Instructions for the task:
Nothing but the records, copied exactly and stripped of pictures, should be in the answer.

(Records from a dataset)
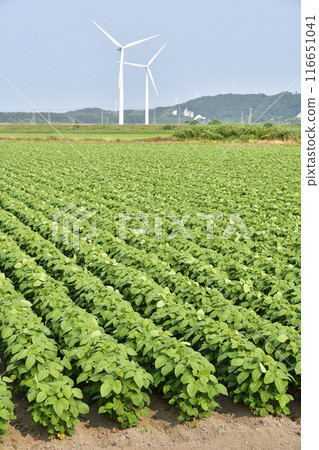 夏天在北海道江差拍攝大豆田 116651041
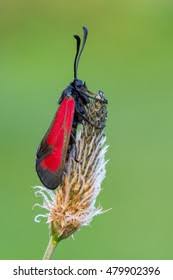 Attēlu rezultāti vaicājumam “Zygaena minos”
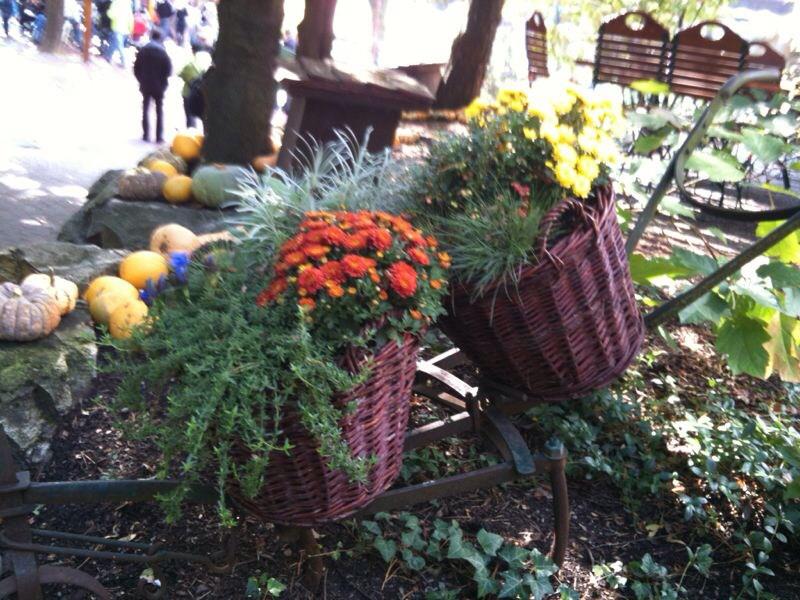 Herbst im Europa Park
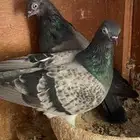 جوز فينا معه فرخين تم اللبيع تم اللبيع تم اللبيع تم اللبيع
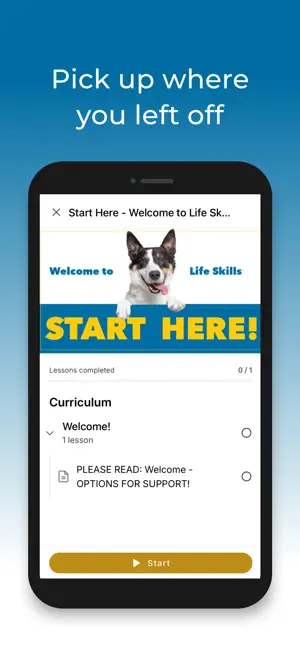 McCann Dogs screenshot 3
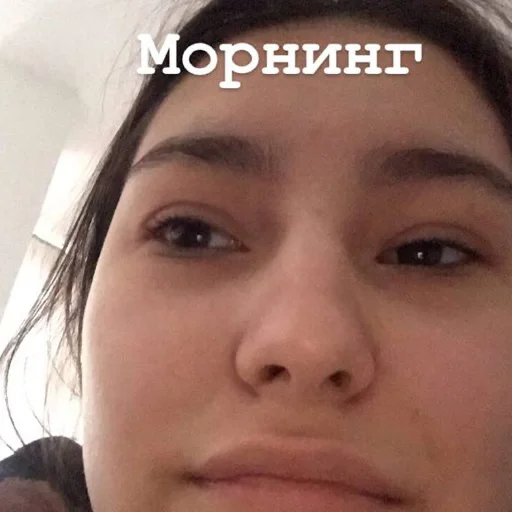 Стикер мосяЛИНЫ - 2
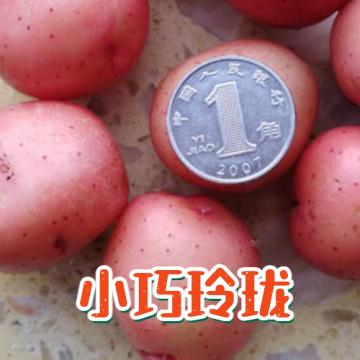 云南红皮小土豆（单果重150-350克 净重5斤）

Response:
 夏天在北海道江差拍攝大豆田 116651041
 Attēlu rezultāti vaicājumam “Zygaena minos”
 Herbst im Europa Park
 جوز فينا معه فرخين تم اللبيع تم اللبيع تم اللبيع تم اللبيع
 McCann Dogs screenshot 3
 Стикер мосяЛИНЫ - 2
 云南红皮小土豆（单果重150-350克 净重5斤）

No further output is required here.